= Sexual abuse and intellectual disability =

Research published from 2000 to 2020 illustrates increased prevalence rates of sexual violence against people with intellectual disabilities, compared to the general population.^{:61} The World Health Organization (WHO) funded a study which concluded that 15% of the adult population worldwide in 2012 had a disability, putting them at increased risk of physical, sexual, and intimate partner violence. Of that 15%, 6.1% had intellectual disability with 5.5% experiencing sexual violence. In another 2012 report, the WHO found that worldwide, children with intellectual disabilities experienced a 4.6 times greater risk of sexual violence than those without disability.

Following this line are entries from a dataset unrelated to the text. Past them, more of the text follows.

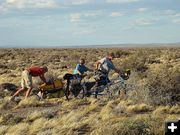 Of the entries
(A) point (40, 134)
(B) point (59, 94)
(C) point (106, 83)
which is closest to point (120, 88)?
(C) point (106, 83)

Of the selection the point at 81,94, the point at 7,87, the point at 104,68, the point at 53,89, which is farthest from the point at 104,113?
the point at 7,87

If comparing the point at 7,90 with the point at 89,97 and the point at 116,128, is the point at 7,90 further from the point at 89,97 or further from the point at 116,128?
the point at 116,128

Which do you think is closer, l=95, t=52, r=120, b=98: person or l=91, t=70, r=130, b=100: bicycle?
l=91, t=70, r=130, b=100: bicycle

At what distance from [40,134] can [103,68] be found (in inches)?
256

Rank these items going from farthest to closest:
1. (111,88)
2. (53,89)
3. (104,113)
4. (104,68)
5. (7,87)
→ (7,87)
(53,89)
(104,68)
(111,88)
(104,113)

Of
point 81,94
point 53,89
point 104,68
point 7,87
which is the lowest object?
point 7,87

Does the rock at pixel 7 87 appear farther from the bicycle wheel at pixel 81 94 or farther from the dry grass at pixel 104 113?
the bicycle wheel at pixel 81 94

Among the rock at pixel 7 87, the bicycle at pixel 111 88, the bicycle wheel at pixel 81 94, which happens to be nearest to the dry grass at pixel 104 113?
the bicycle at pixel 111 88

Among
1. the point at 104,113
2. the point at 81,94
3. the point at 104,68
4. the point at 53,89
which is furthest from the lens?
the point at 81,94

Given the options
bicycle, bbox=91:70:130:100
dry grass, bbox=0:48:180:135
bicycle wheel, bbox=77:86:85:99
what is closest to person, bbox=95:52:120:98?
bicycle, bbox=91:70:130:100

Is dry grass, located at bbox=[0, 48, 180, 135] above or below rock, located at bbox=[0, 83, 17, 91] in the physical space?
above

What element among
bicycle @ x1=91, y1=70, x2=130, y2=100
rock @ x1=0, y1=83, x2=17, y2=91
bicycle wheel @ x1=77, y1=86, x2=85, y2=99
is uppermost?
bicycle @ x1=91, y1=70, x2=130, y2=100

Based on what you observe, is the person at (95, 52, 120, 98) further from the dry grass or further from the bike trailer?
the bike trailer

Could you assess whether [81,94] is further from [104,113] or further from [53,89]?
[104,113]
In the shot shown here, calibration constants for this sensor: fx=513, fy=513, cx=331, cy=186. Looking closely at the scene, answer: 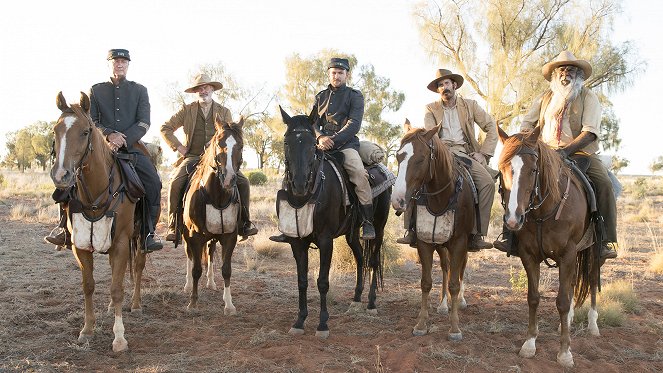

In the United States, the Bureau of Justice Statistics reported in the National Crime Victimization Survey the rate of sexual violence for those with an intellectual disability is five times higher than for those without any disability. Both men and women with intellectual disabilities experience sexual violence that includes rape, sexual coercion without physical force, and sexual experiences without physical contact. Perpetrators of sexual violence are not only strangers but can be caregivers, acquaintances, and intimate partners. The perpetrator of the assault often determines if the crime will be reported.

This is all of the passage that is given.